***** Data for processing

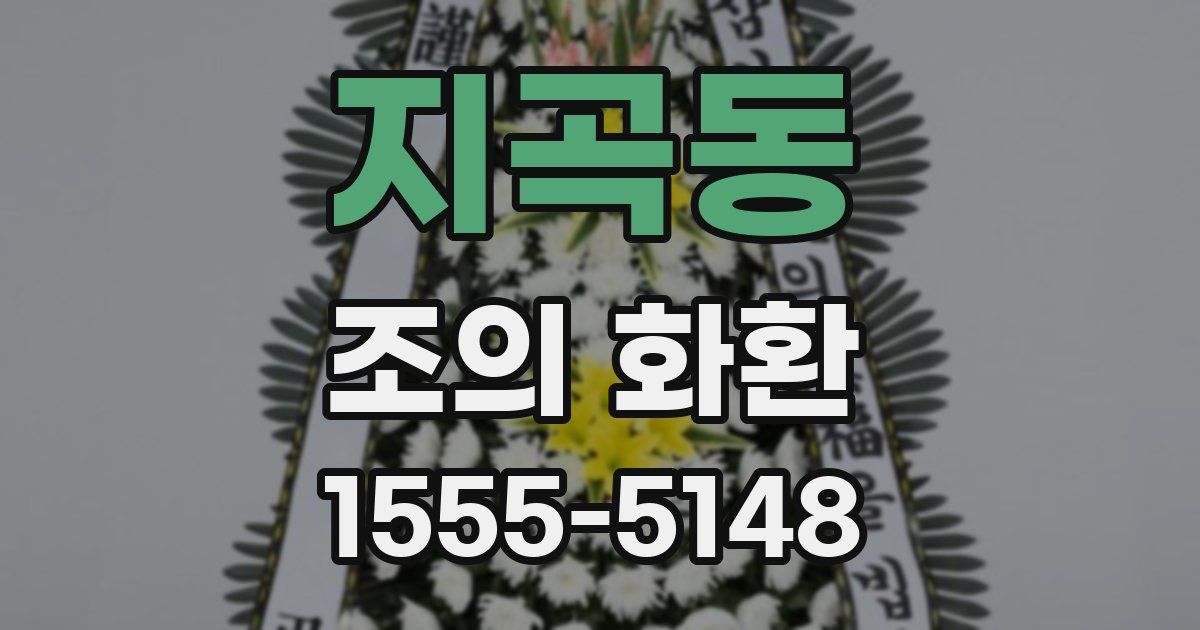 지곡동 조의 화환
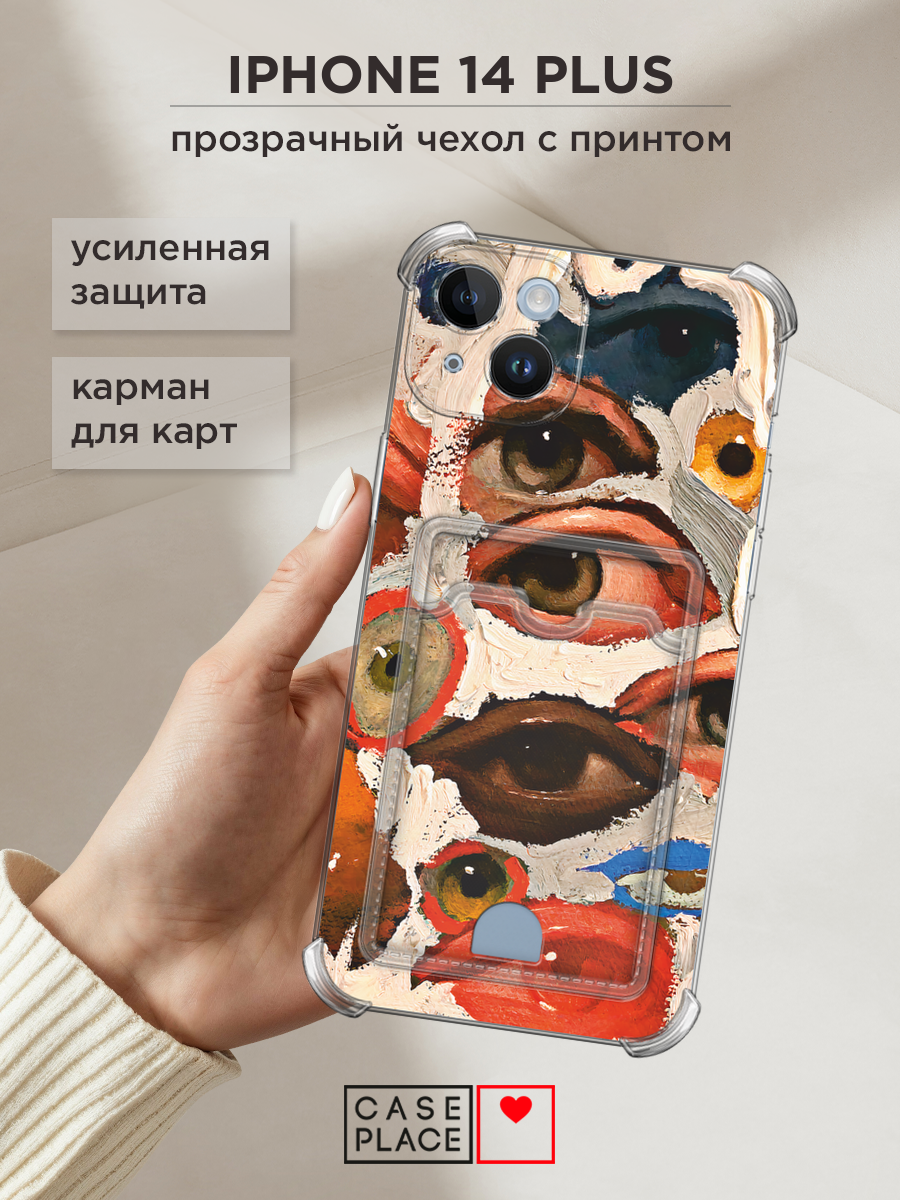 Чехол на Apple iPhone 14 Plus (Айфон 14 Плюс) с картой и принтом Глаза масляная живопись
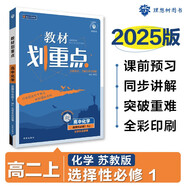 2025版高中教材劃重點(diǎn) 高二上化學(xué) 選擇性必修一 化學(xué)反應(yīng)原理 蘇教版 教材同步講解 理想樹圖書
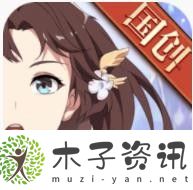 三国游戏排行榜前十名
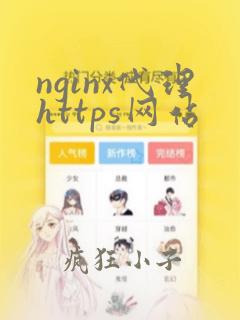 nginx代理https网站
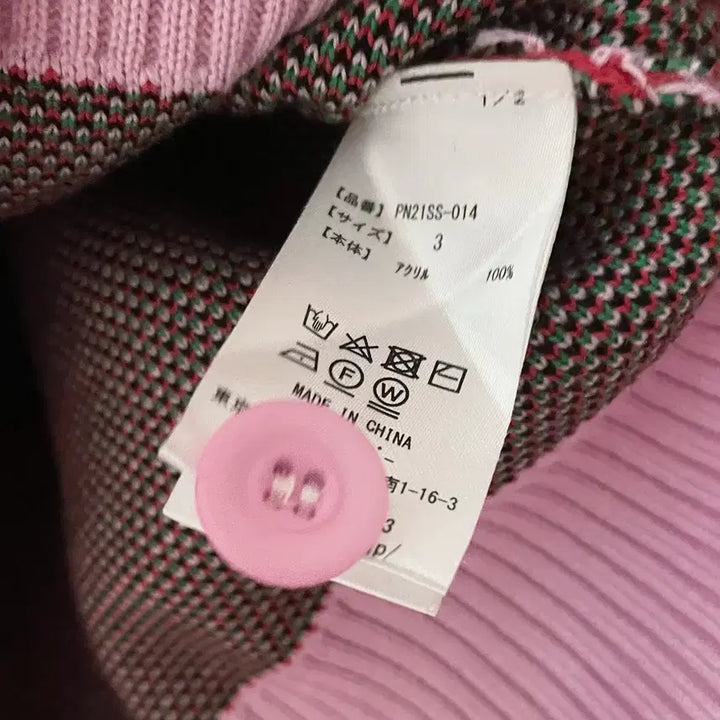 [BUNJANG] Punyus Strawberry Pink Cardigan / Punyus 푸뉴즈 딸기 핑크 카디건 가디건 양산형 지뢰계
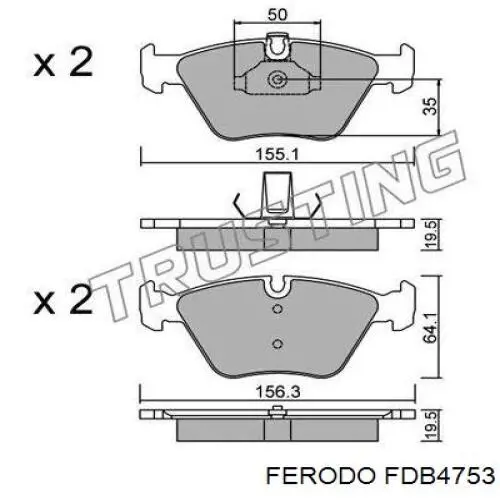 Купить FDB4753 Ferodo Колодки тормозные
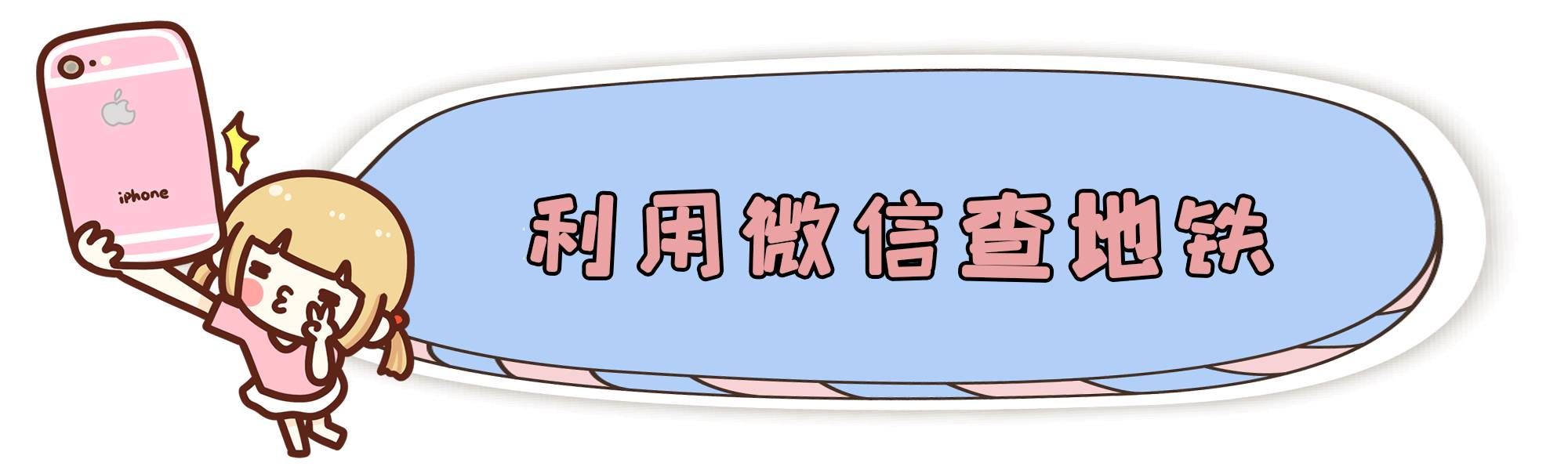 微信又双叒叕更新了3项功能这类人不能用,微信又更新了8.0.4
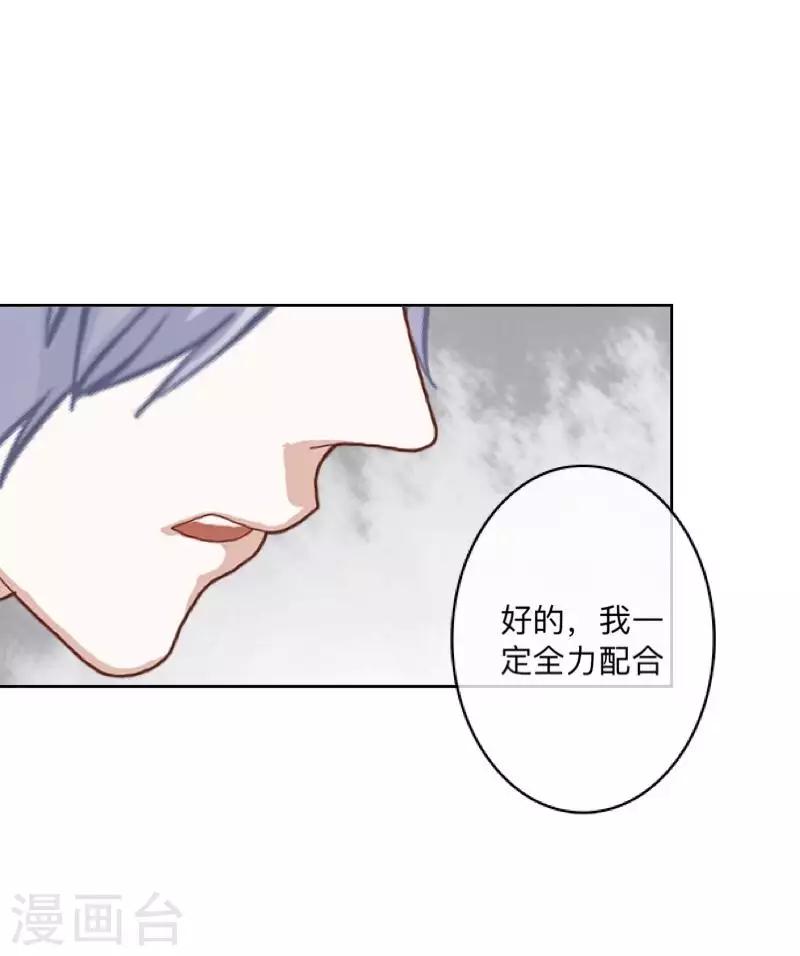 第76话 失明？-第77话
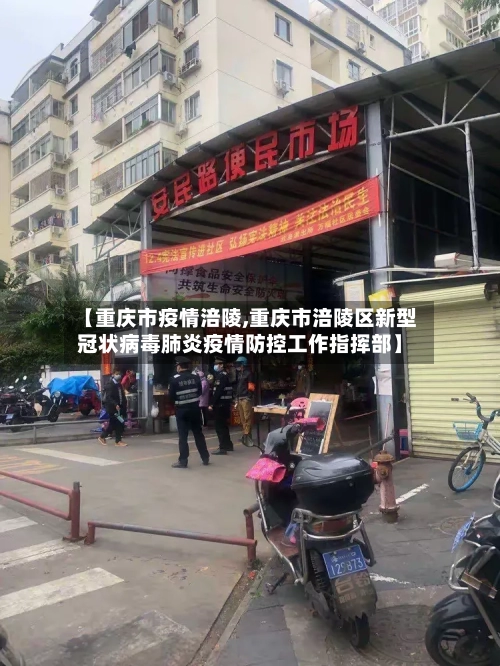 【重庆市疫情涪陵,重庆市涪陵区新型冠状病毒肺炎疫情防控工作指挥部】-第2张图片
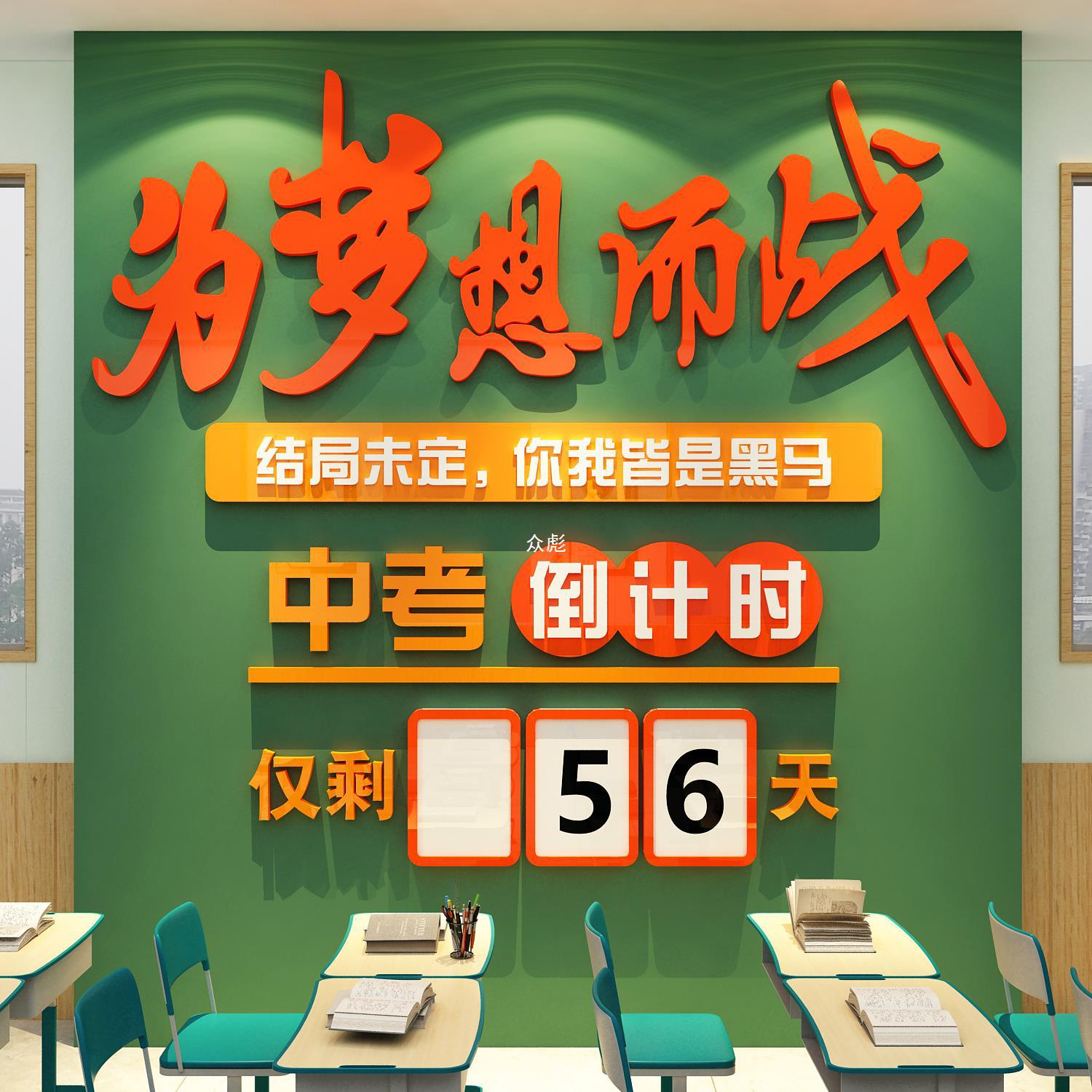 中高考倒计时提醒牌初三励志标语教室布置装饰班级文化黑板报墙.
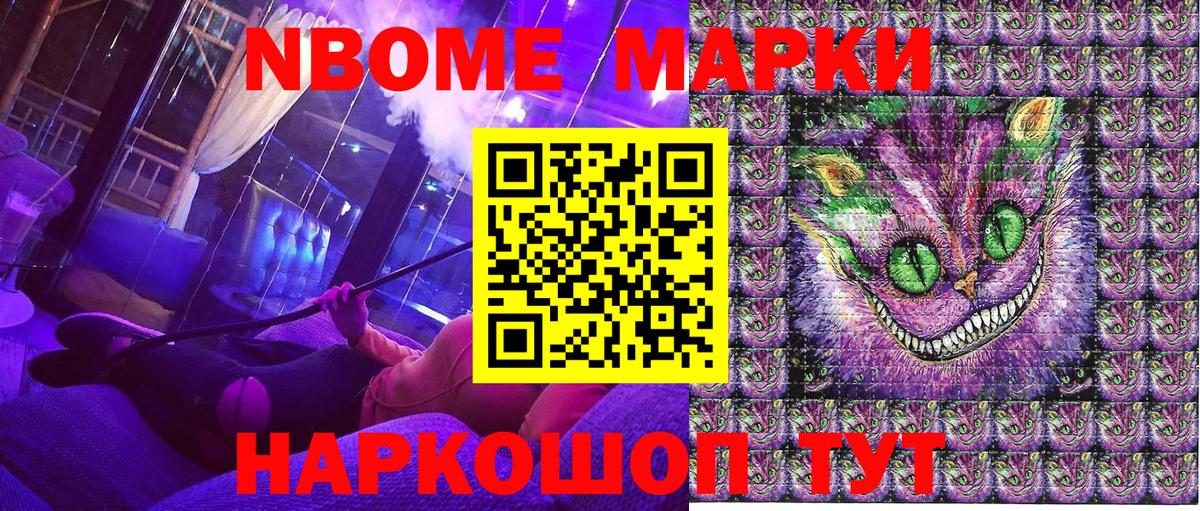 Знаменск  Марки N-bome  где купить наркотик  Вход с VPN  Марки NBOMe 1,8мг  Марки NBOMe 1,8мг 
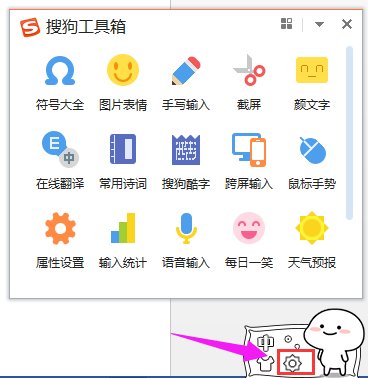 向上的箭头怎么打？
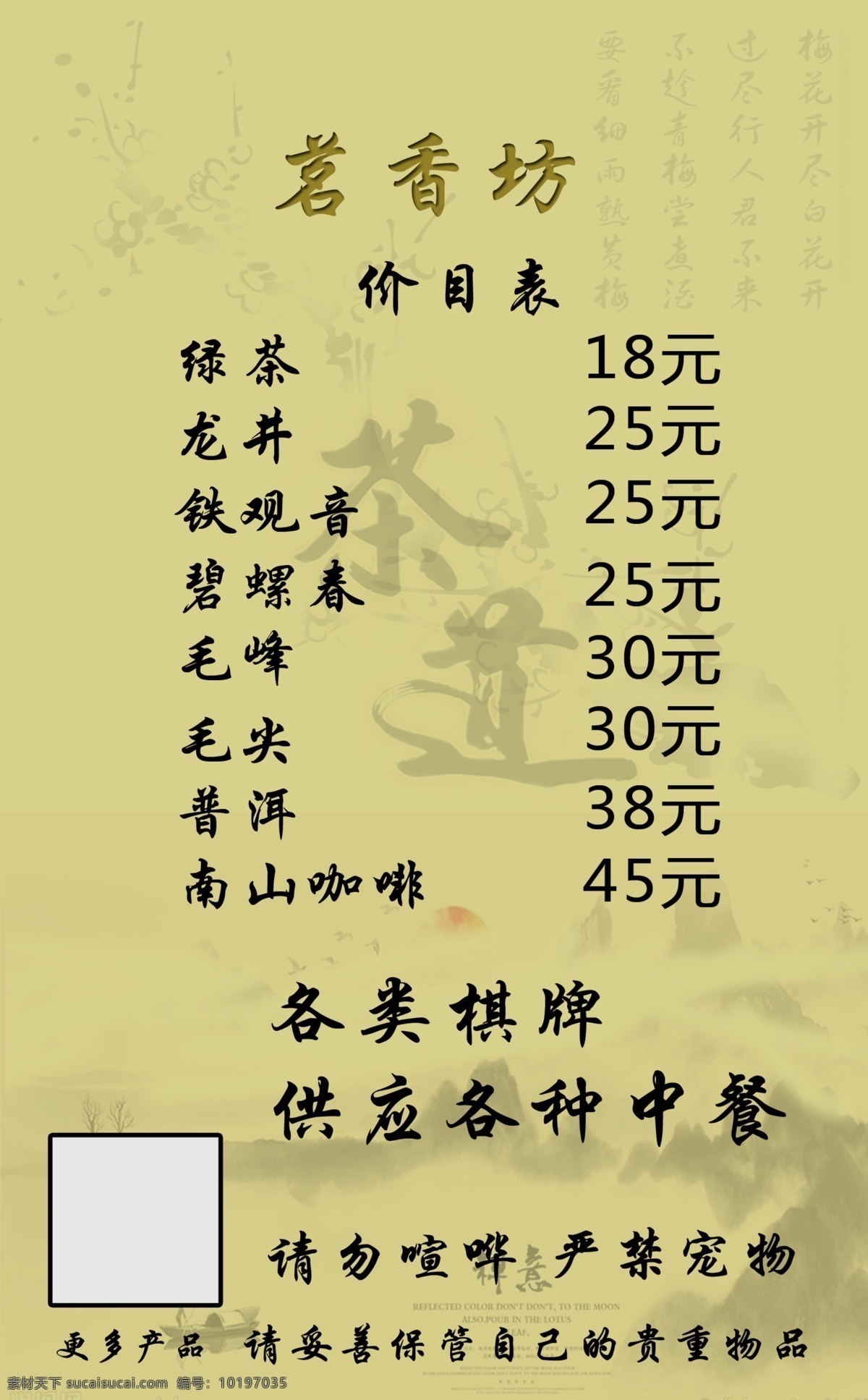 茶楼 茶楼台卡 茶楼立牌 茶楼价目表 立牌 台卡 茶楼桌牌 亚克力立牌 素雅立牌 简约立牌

**********

Problem to work on:
Return the whole listing word for word, minus its pictures.

Answer to this task:
 지곡동 조의 화환
 Чехол на Apple iPhone 14 Plus (Айфон 14 Плюс) с картой и принтом Глаза масляная живопись
 2025版高中教材劃重點(diǎn) 高二上化學(xué) 選擇性必修一 化學(xué)反應(yīng)原理 蘇教版 教材同步講解 理想樹圖書
 三国游戏排行榜前十名
 nginx代理https网站
 [BUNJANG] Punyus Strawberry Pink Cardigan / Punyus 푸뉴즈 딸기 핑크 카디건 가디건 양산형 지뢰계
 Купить FDB4753 Ferodo Колодки тормозные
 微信又双叒叕更新了3项功能这类人不能用,微信又更新了8.0.4
 第76话 失明？-第77话
 【重庆市疫情涪陵,重庆市涪陵区新型冠状病毒肺炎疫情防控工作指挥部】-第2张图片
 中高考倒计时提醒牌初三励志标语教室布置装饰班级文化黑板报墙.
 Знаменск  Марки N-bome  где купить наркотик  Вход с VPN  Марки NBOMe 1,8мг  Марки NBOMe 1,8мг 
 向上的箭头怎么打？
 茶楼 茶楼台卡 茶楼立牌 茶楼价目表 立牌 台卡 茶楼桌牌 亚克力立牌 素雅立牌 简约立牌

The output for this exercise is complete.